Content starts

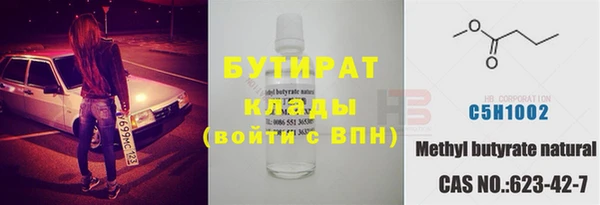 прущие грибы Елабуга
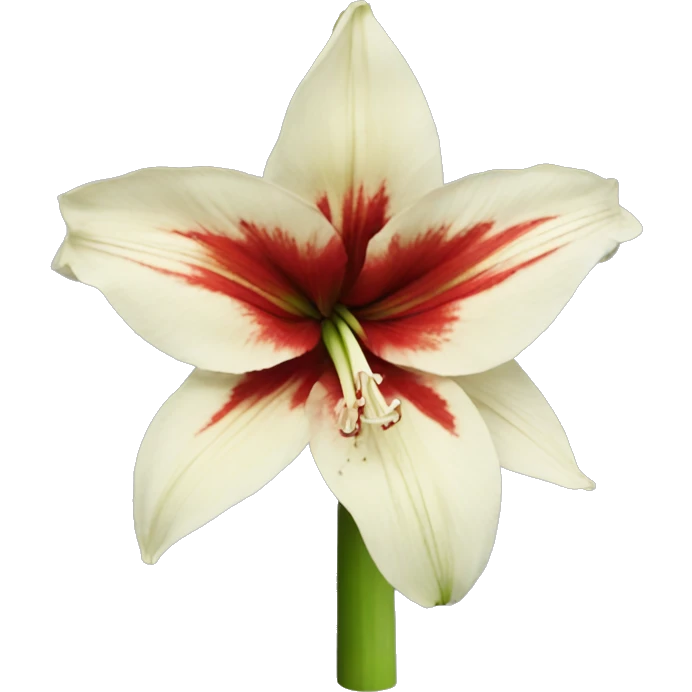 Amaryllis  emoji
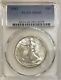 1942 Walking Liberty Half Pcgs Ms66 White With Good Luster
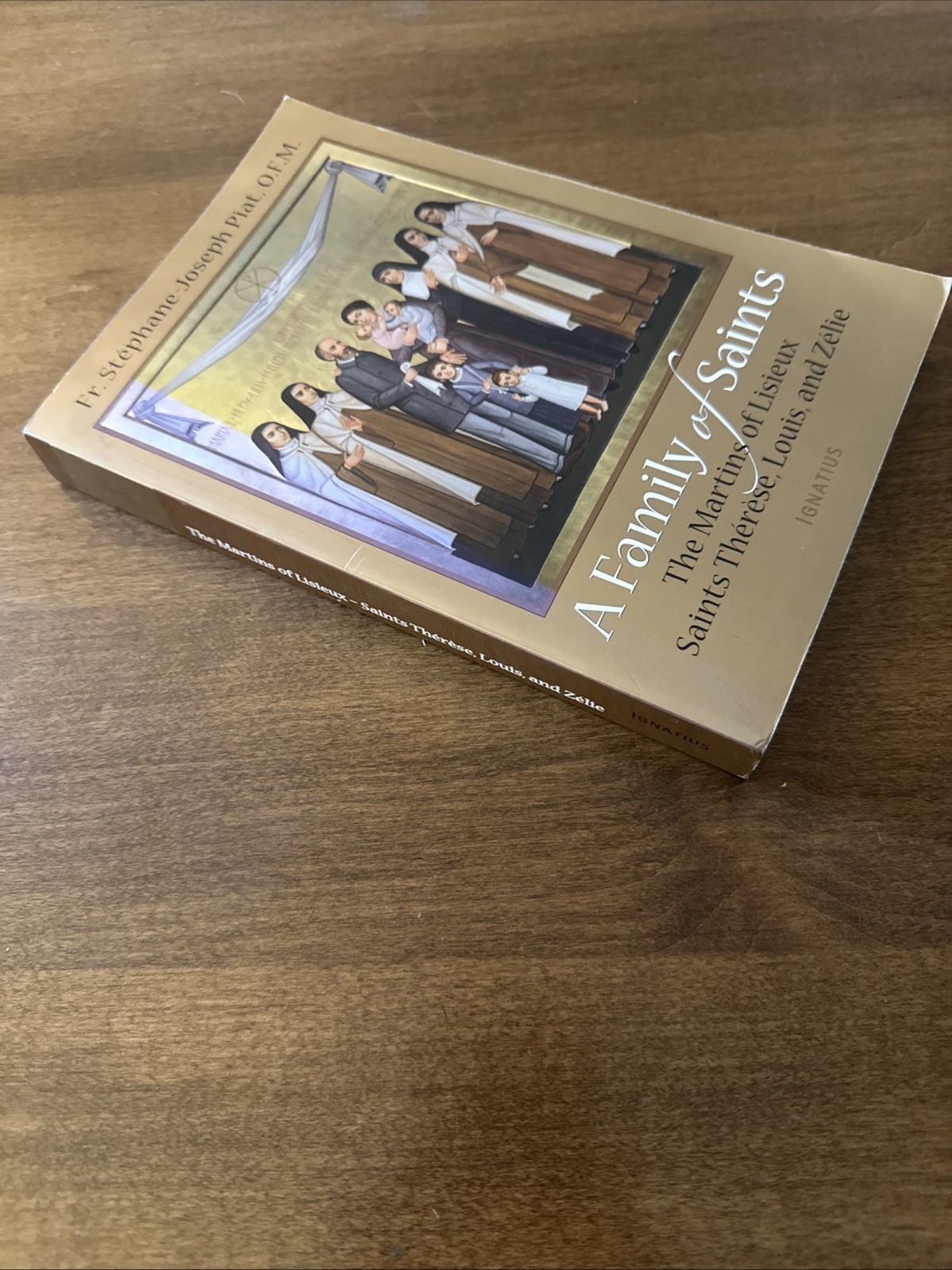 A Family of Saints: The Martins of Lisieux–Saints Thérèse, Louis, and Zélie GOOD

Content ends
Content starts

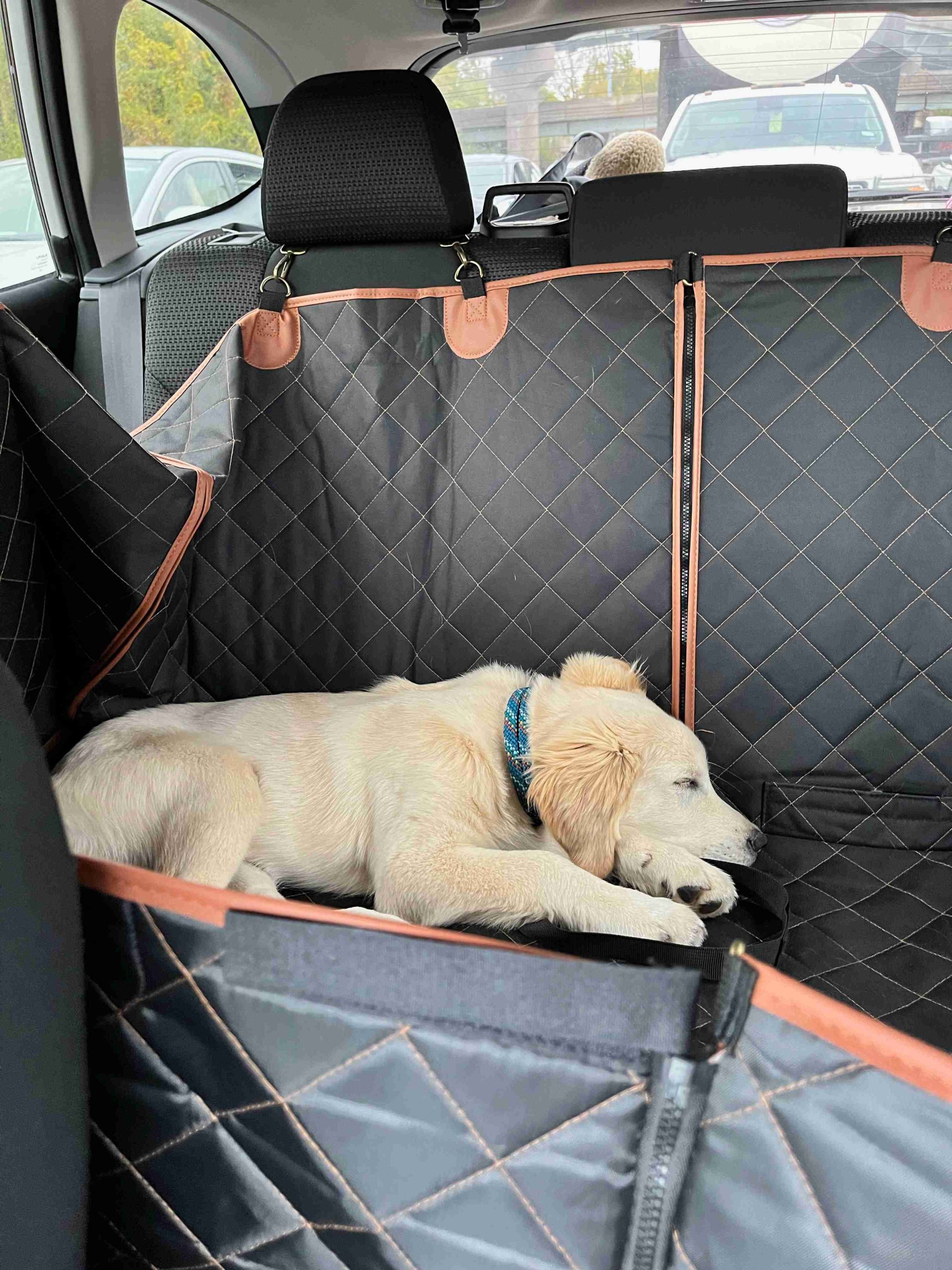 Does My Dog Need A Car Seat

Content ends

Leaving all pictures out, output exactly the lines of the material above from the line with "прущие грибы Елабуга" to the line with "A Family of", both included.

 прущие грибы Елабуга
 Amaryllis  emoji
 1942 Walking Liberty Half Pcgs Ms66 White With Good Luster
 A Family of Saints: The Martins of Lisieux–Saints Thérèse, Louis, and Zélie GOOD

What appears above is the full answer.